WORK ITEM:
What you return should match the data word for word, minus the images.

AVAILABLE DATA:

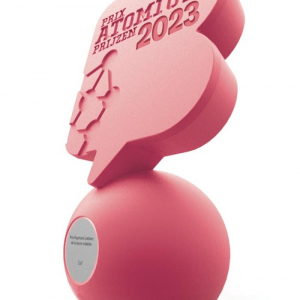 Trophée du « Prix Raymond Leblanc de la jeune Création » © « Visit Brussels »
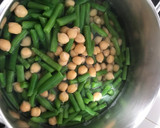 Foto del paso 1 de la receta: Garbanzos, judías verdes y tomate
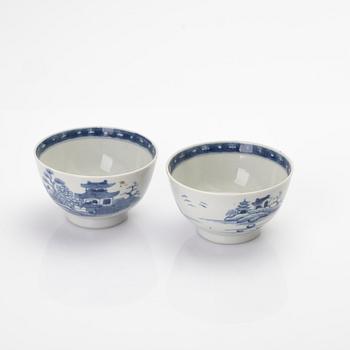 Bowls, 5 pcs, porcelain, China, Qing dynasty, 19th/20th century.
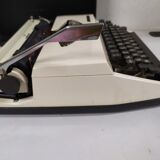 Adler Tippa Typewriter - Azerty Keyboard - works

EXERCISE SOLUTION:
 Trophée du « Prix Raymond Leblanc de la jeune Création » © « Visit Brussels »
 Foto del paso 1 de la receta: Garbanzos, judías verdes y tomate
 Bowls, 5 pcs, porcelain, China, Qing dynasty, 19th/20th century.
 Adler Tippa Typewriter - Azerty Keyboard - works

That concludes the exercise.